***** Data

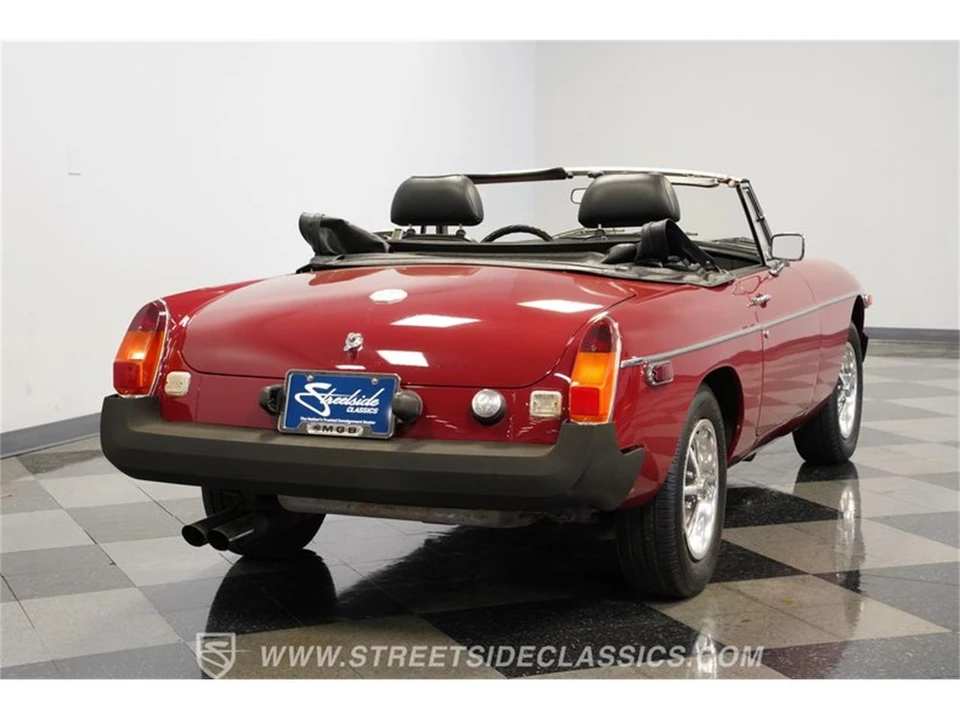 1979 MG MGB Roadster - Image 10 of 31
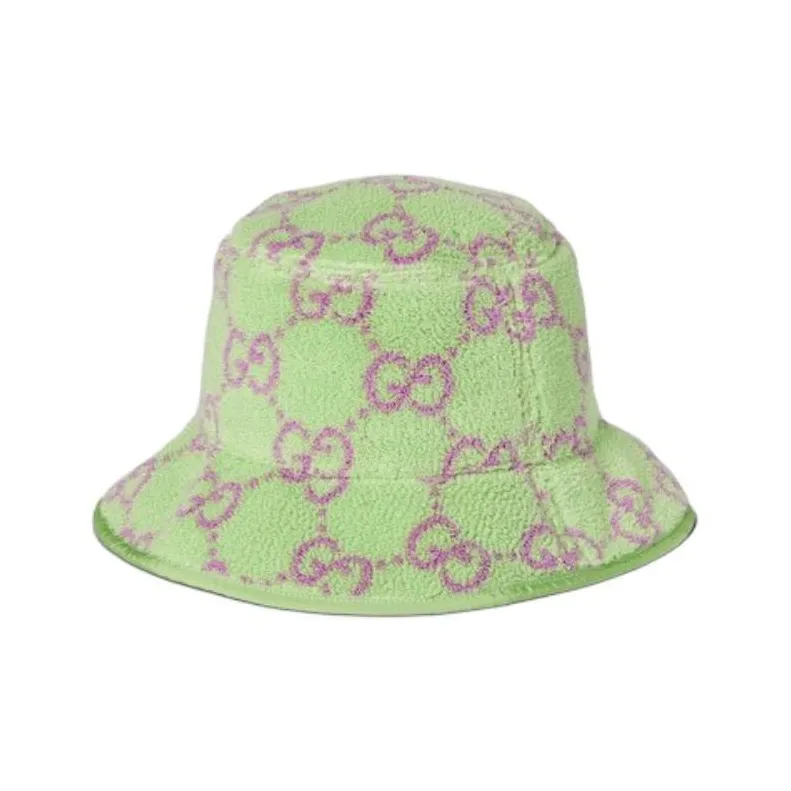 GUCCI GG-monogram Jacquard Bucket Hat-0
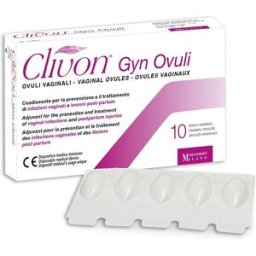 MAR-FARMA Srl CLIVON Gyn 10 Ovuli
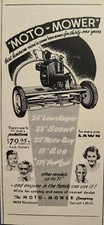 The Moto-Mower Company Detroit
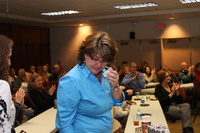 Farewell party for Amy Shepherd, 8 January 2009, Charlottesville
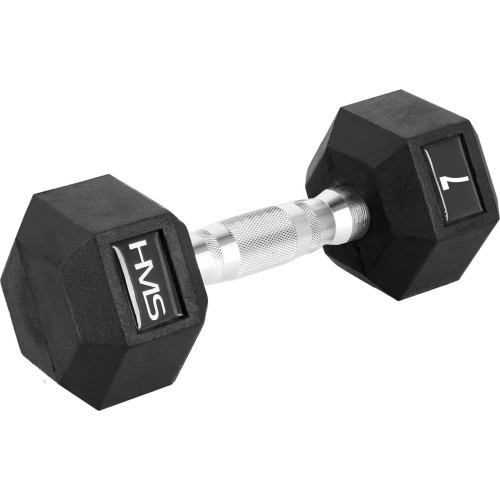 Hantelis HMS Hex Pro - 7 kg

**********
***** Data

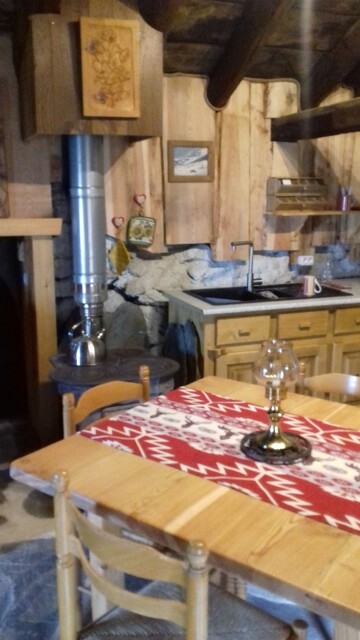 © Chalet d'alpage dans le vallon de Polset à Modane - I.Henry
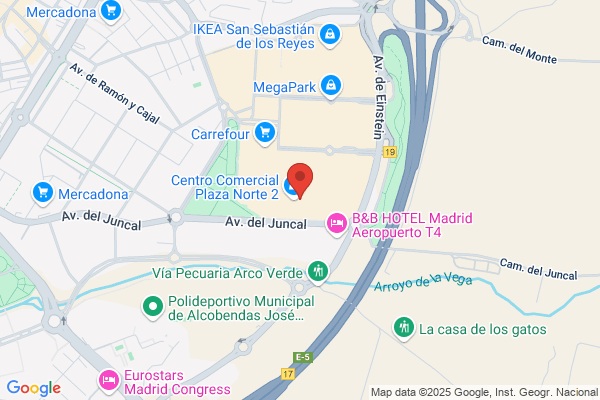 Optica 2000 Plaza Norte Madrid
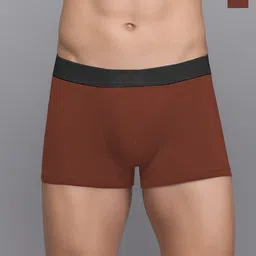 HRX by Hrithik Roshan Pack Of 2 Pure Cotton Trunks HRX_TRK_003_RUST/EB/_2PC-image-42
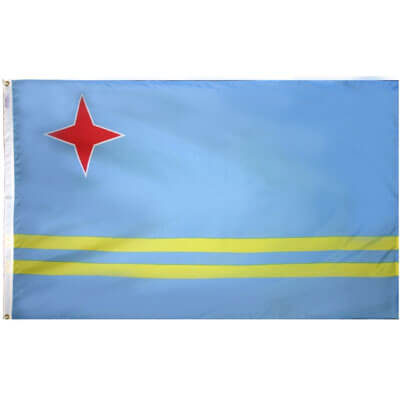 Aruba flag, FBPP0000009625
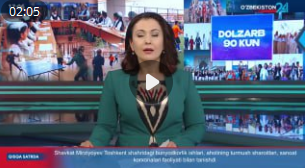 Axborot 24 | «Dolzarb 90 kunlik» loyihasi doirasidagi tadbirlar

**********

Return exactly the stretch above whose first line contains "Farewell party for" and whose last line contains "Hantelis HMS Hex Pro - 7 kg", and nothing outside it. The pictures should not appear.

 Farewell party for Amy Shepherd, 8 January 2009, Charlottesville
 Hantelis HMS Hex Pro - 7 kg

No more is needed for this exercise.